Handle error message when saving invalid genotype files to VCF?
Closed this issue · 2 comments
PhilPalmer commented
I think the error could be handled when trying to save invalid genotype files to VCF.
To reproduce
For example, if I run:
# create invalid empty file
touch file.txt
python
>>> from snps import SNPs
>>> s = SNPs('file.txt', output_dir='.')
# error message is handled nicely when vcf is false
>>> saved_snps = s.save_snps('test.txt', vcf=False)
no data to save...
# error message is not handled when vcf is true
>>> saved_snps = s.save_snps('test.vcf', vcf=True)

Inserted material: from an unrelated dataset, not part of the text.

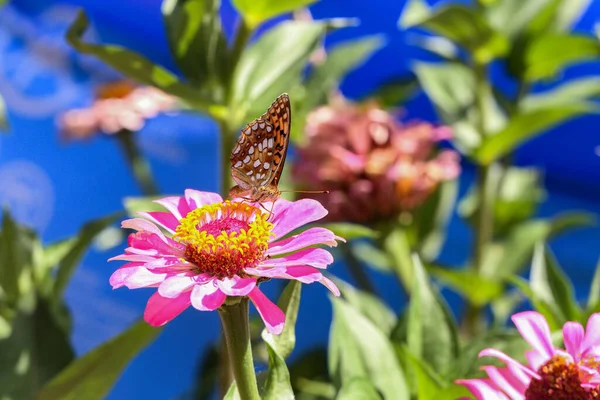 Pembe Bir Çiçekte Güzel Bir Kelebeğin Yakın Çekimi — Stok fotoğraf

Then I get the following error message:
Traceback (most recent call last):
File "/opt/conda/envs/common-latest-geno/lib/python3.7/site-packages/pandas/core/indexes/base.py", line 2897, in get_loc
return self._engine.get_loc(key)
File "pandas/_libs/index.pyx", line 107, in pandas._libs.index.IndexEngine.get_loc
File "pandas/_libs/index.pyx", line 131, in pandas._libs.index.IndexEngine.get_loc
File "pandas/_libs/hashtable_class_helper.pxi", line 1607, in pandas._libs.hashtable.PyObjectHashTable.get_item
File "pandas/_libs/hashtable_class_helper.pxi", line 1614, in pandas._libs.hashtable.PyObjectHashTable.get_item
KeyError: 'genotype'
During handling of the above exception, another exception occurred:
Traceback (most recent call last):
File "<stdin>", line 1, in <module>
File "/opt/conda/envs/common-latest-geno/lib/python3.7/site-packages/snps/__init__.py", line 394, in save_snps
snps=self, filename=filename, vcf=vcf, atomic=atomic, **kwargs
File "/opt/conda/envs/common-latest-geno/lib/python3.7/site-packages/snps/io.py", line 951, in write_file
return w()
File "/opt/conda/envs/common-latest-geno/lib/python3.7/site-packages/snps/io.py", line 924, in __call__
return self._write_vcf()
File "/opt/conda/envs/common-latest-geno/lib/python3.7/site-packages/snps/io.py", line 1060, in _write_vcf
df["genotype"].notnull()
File "/opt/conda/envs/common-latest-geno/lib/python3.7/site-packages/pandas/core/frame.py", line 2995, in __getitem__
indexer = self.columns.get_loc(key)
File "/opt/conda/envs/common-latest-geno/lib/python3.7/site-packages/pandas/core/indexes/base.py", line 2899, in get_loc
return self._engine.get_loc(self._maybe_cast_indexer(key))
File "pandas/_libs/index.pyx", line 107, in pandas._libs.index.IndexEngine.get_loc
File "pandas/_libs/index.pyx", line 131, in pandas._libs.index.IndexEngine.get_loc
File "pandas/_libs/hashtable_class_helper.pxi", line 1607, in pandas._libs.hashtable.PyObjectHashTable.get_item
File "pandas/_libs/hashtable_class_helper.pxi", line 1614, in pandas._libs.hashtable.PyObjectHashTable.get_item
KeyError: 'genotype'
Any ideas how this could be improved? Perhaps catching the error here?
Thanks in advance
willgdjones commented
Shouldn't this be handled when the file is read into snps
? If the file is empty, or doesn't conform to any known format, then we should perhaps flag this to the user as soon as they try to load the data.
PhilPalmer commented
Yeah good point @willgdjones. I agree it would be better if this is handled when reading the file into snps
@apriha, awesome, thanks for implementing this so fast!